Smith interviewed Stevens Thursday on “America Reports,” to get his reaction to a new fee that will be added to the monthly mortgages of home buyers who have good credit scores.

Starting next month, homebuyers with good credit will have to pay a monthly mortgage fee to subsidize people with bad credit who want mortgage loans, but can’t afford or qualify for one.

The fee, which was instituted by a Biden Administration rule – not by Congress – adds about $40 more a month ($480 per year) to the mortgages of those with credit scores of 680 buying homes in the $400,000 range.

“Obviously, the peril in this is that you’re incentivizing bad credit scores, to get lower costs,” Smith told Stevens, who said a mortgage lending executive had just told him the same thing:

"I literally just got an email from an executive with a mortgage lending company. He goes, ‘So I guess we have to teach borrowers to worsen their credit before they apply for a mortgage, in order to get the better price.’

“I mean, that's a bit of an extreme, but yes.”

“There’s only so long this could last,” Smith said, noting that, if there are fewer people with good credit, there’ll also be fewer people to subsidize those with bad credit:

“You won’t be able to pay for the risky home buyers, if people are incentivized to have lower credit.”

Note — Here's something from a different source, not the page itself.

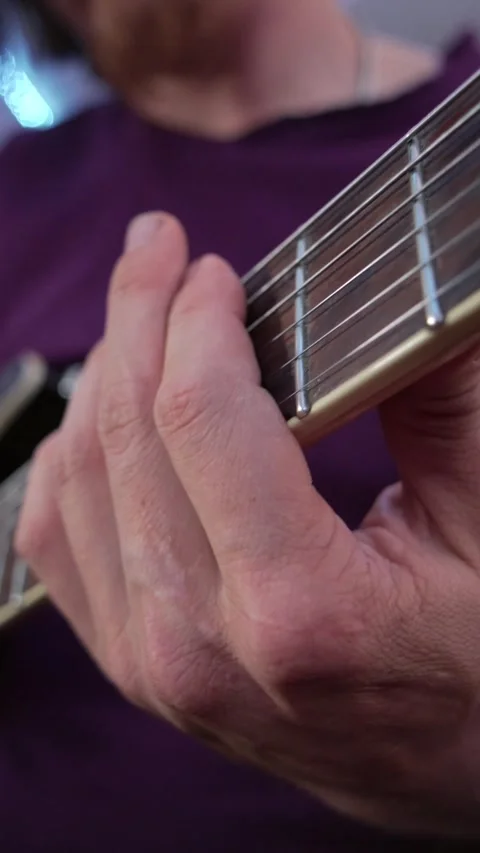 Vertical low angle perspective shot along the guitar neck as musician moves Stockbeeldmateriaal 345211310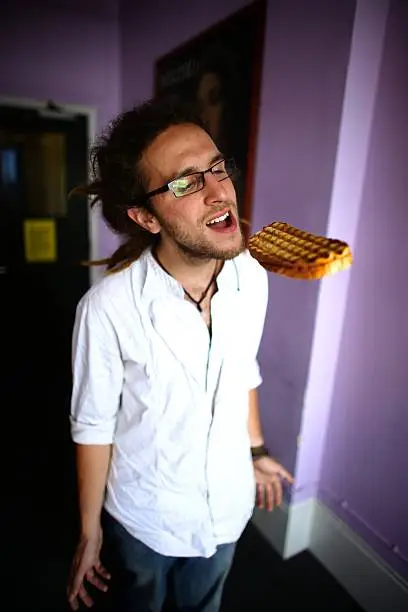 Young man opening his mouth to take a bite from a floating sandwich.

"This has really convoluted the entire discipline and credit risk pricing structure that Fannie Mae and Freddie Mac have followed since their inception," Stevens said. "I think it violates the entire discipline that these two companies have operated under”:

“And it's going to end up costing some borrowers who are putting in 15, 20% down-payments, who have credit scores in the seven-hundreds and above, more for their mortgage, so they can help pay for those who are getting the discount."